3. Training for staff 10% of the 177 care homes had evidence of inadequate training for staff/managers.
Fire safety training was found to be ‘On Line’ only in some cases, rather than in house practical training (where evacuation drills may be included). Fire safety training is becoming generic, rather than providing a bespoke package relating to the specific premises a care worker regularly works in. It is further complicated where care workers are also expected to work in more than one care home.
The use of equipment to assist in evacuation (evac chairs/Blankets/Skids etc) was still misunderstood in some of the care homes visited. Where it is provided staff should be fully aware of how to use these in an emergency and more practical training and drills will provide staff with the necessary skills.
There was evidence of a lack of understanding by care staff, of the importance of fire doors and the necessity for them to be effectively self closing in order to prevent fire growth and spread, and safe evacuation. This area of fire safety training requires more attention and focus.
4. Fire doors, protected corridors and staircases
14% of the 177 care homes inspected had failures relating to their protected escape corridors and 29% had one or more failures relating to fire doors within their premises.
Fire doors, walls and ceiling to corridors and staircases are all critical to keeping residents and staff safe from fire and smoke during a progressive evacuation, which can take some time to complete. They should be checked by the Fire Risk Assessor, and regularly by staff to ensure they are effective.
The common failures associated with fire doors were excessive gaps around doors, missing or broken door self-closing devices and warped doors that are not effectively able to close in to their respective door frame. Another common failure was damaged intumescent strips and smoke seals not being replaced.

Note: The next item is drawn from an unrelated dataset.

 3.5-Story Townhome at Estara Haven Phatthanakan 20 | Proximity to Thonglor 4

A number of premises also had fire doors that have had their fire resisting integrity compromised by large vents being inserted in the door (e.g. boiler rooms, laundries and computer server rooms) and this is not being picked up by either the FRA and Management, even when they are on the means of escape route.

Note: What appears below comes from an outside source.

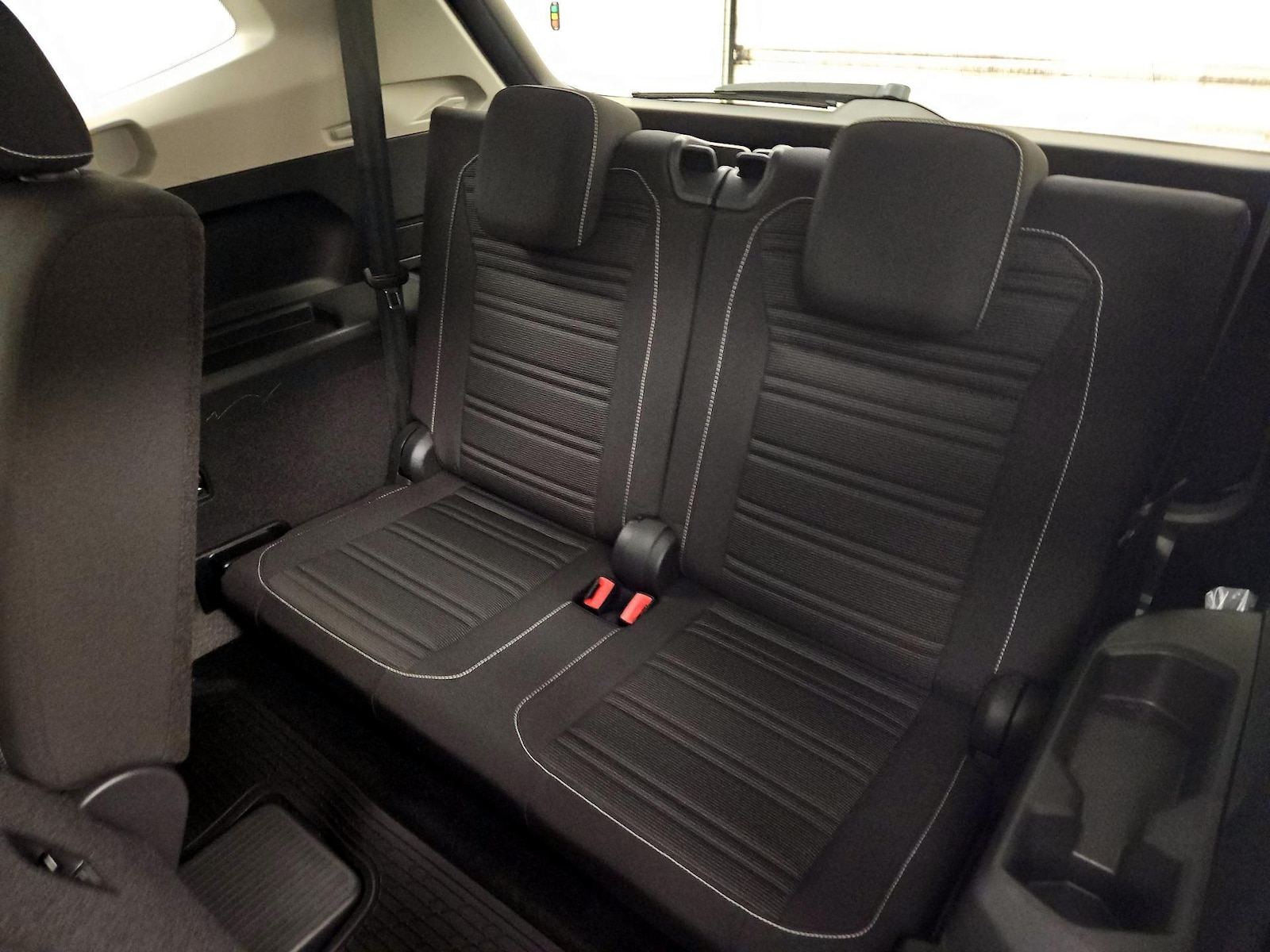 2023 Volkswagen Tiguan S - Photo 21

We also found several instances of fire separation not continuing above false ceilings to the structural slab above. This is critical above cross-corridor fire doors, and between corridors and other rooms.
Another common failure to fire resisting separation was holes created for pipe work and other building services, and the incorrect use of expanding foam applied to these holes.
Conclusions
As can be seen from the above evidence there is a need for owners, managers and operators and to maintain a comprehensive oversight of the fire safety protection and other management arrangements to reduce the risks and ensure the safety of residents and staff in case of fire.
I strongly urge you to review all your current arrangements in detail with your Fire Risk Assessors.
Further guidance can be found in the national guide Fire Safety Risk Assessment – Residential Care Premises available from https://www.gov.uk/government/publications/fire-safety-risk-assessmentresidential-care-premises.
The LFB will maintain a programme of inspections of Care Homes in future years and will concentrate on the above issues during these visits. We will not hesitate, where necessary, to take appropriate enforcement action.